-- PROBLEM TO WORK ON --
With the exception of the pictures, write out the data below precisely.

-- SUPPLIED INFORMATION --
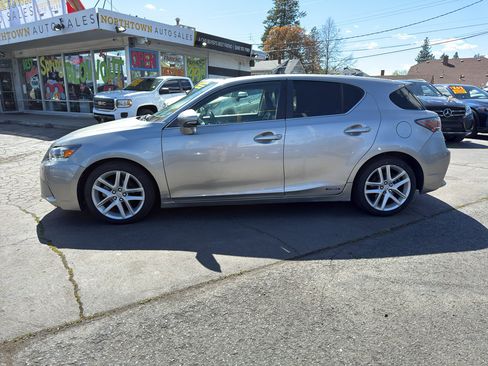 Used 2017 Lexus CT 200h w/ Accessory Package 2 FWD image 3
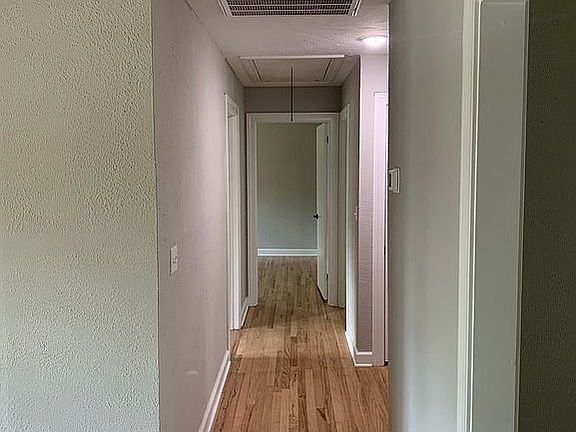 5th image of 1711 Farmer Ave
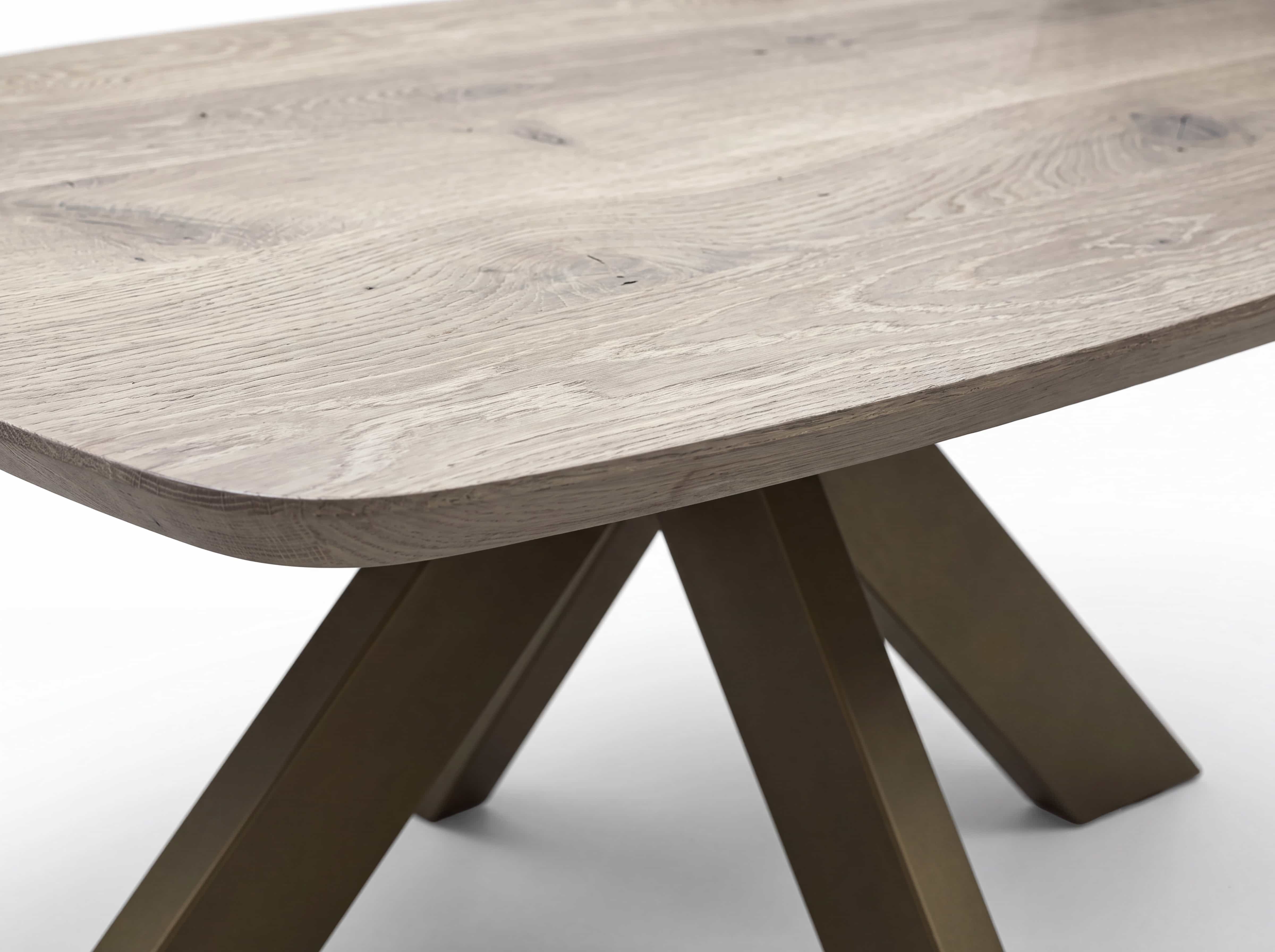 Couchtisch Syrma – Detailansicht der hellen Holzplatte mit markanter Maserung und schrägem Metallgestell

-- PROBLEM SOLUTION --
 Used 2017 Lexus CT 200h w/ Accessory Package 2 FWD image 3
 5th image of 1711 Farmer Ave
 Couchtisch Syrma – Detailansicht der hellen Holzplatte mit markanter Maserung und schrägem Metallgestell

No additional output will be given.